Un agent général victime de sa propre compagnie d’assurances…

L’agent général de la compagnie d’assurances X a conclu — logiquement auprès de cette même compagnie d’assurance — un contrat collectif pour les employés de l’agence, contrat garantissant des indemnités journalières en cas d’incapacité de travail.

Pour le patron lui-même (l’agent général) il était prévu que les prestations ne seraient plus servies en cas de « renonciation » ou « cessation » (« Aufgabe ») de sa part à sa fonction d’agent général. En revanche, cet  agent général aurait eu, dans cette hypothèse, la possibilité de « passer en assurance individuelle », ce qui lui aurait permis d’obtenir la poursuite des prestations.

Tombé malade, cet agent d’assurance a revendiqué les prestations. La compagnie d’assurances a alors résilié le contrat d’agence générale, ce qui faisait tomber la police et supprimait les prestations.

L’agent général a alors actionné la compagnie X en faisant valoir qu’il fallait interpréter la « Aufgabe» comme couvrant uniquement la renonciation volontaire de sa part, mais non la résiliation du contrat d’agence générale par la compagnie. De surcroît, cette résiliation était abusive et injustifiée selon lui. Il a été débouté en instance cantonale et il recourt au Tribunal fédéral (TF).

Le TF rappelle à plusieurs endroits le caractère inadmissible d’une cessation des prestations d’assurance au motif que le contrat d’assurance a pris fin. Car cela va, dit-il,  à l’encontre des principes fondamentaux de l’assurance. Il n’est pas admissible qu’une compagnie puisse décider unilatéralement, en résiliant le contrat, de cesser ses prestations. De la même manière, on ne pourrait pas admettre qu’un assuré, par une simple déclaration unilatérale, veuille prolonger les prestations par rapport à ce qui était prévu dans le contrat.

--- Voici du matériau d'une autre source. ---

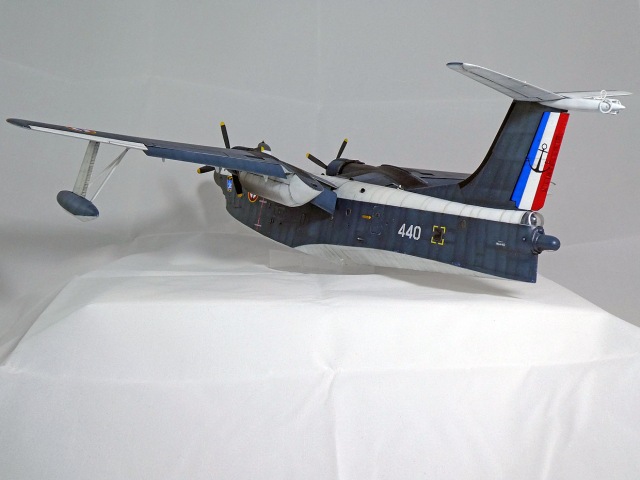 Flugboot Martin SP-5B Marlin (1/72)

Dans une situation de ce genre, l’assuré (l’agent général) aurait dû à tout le moins alléguer et même éventuellement prouver — quoique la preuve de cela soit extrêmement difficile — que le but de la compagnie X, en résiliant le contrat de l’agence générale, était d’échapper à son obligation de prester. Vu cette difficulté de preuve, la compagnie X aurait dû, face à une telle allégation,  démontrer que sa résiliation du contrat d’agence était motivée par d’autres raisons que celles d’obtenir la fin des prestations.

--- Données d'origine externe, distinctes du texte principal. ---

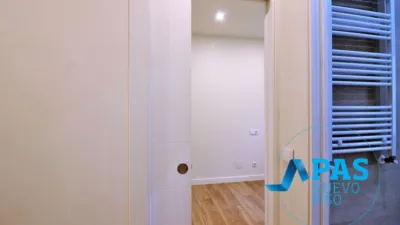 Piso en venta en Calle Alta, cerca de Calle San Rafael, Numancia-San Fernando (Santander) de 274.000 €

Autrement dit, c’est  pour d’autres motifs que l’instance cantonale que le TF , finalement, rejette le recours : ce rejet résulte du fait que l’agent général n’a pas choisi le bon terrain pour argumenter, en ne soulevant pas, ni en instance cantonale ni devant le TF, les motifs qui amenaient la compagnie à résilier contrat d’assurance collective.,

 

ATF 4A_472/2018 du 5 avril 2019

Notre commentaire :

Le TF a certainement tenu compte du fait que l’assuré n’était pas, ici, un « consommateur ordinaire », mais qu’il était lui-même agent général de la compagnie auprès de laquelle il était assuré. C’était donc un spécialiste de l’assurance. En cette qualité, il aurait dû se rendre compte que le litige aurait dû être centré sur les motifs pour lesquels la compagnie qui avait fait l’assurance collective avait mis fin à ce contrat. Or, l’agent général n’en a pas parlé, se limitant à discuter le point de savoir si la cessation d’activité visée par les conditions générales du contrat devait être volontaire ou non pour entraîner la fin des prestations. De plus, cet agent général a semble-t-il omis d’utiliser la possibilité de « passer en individuel », ce qui est difficilement compréhensible. Comme quoi il est décisif de bien choisir le thème du débat judiciaire…

Pour un assuré ordinaire, le plus important, dans cet arrêt, est que le TF réprouve une fois de plus (en confirmation de l’ATF 135 III 225)  les clauses permettant à une  compagnie d’assurances de décider unilatéralement,, via une résiliation du contrat d’assurance (individuelle ou collective) , de cesser ses prestations.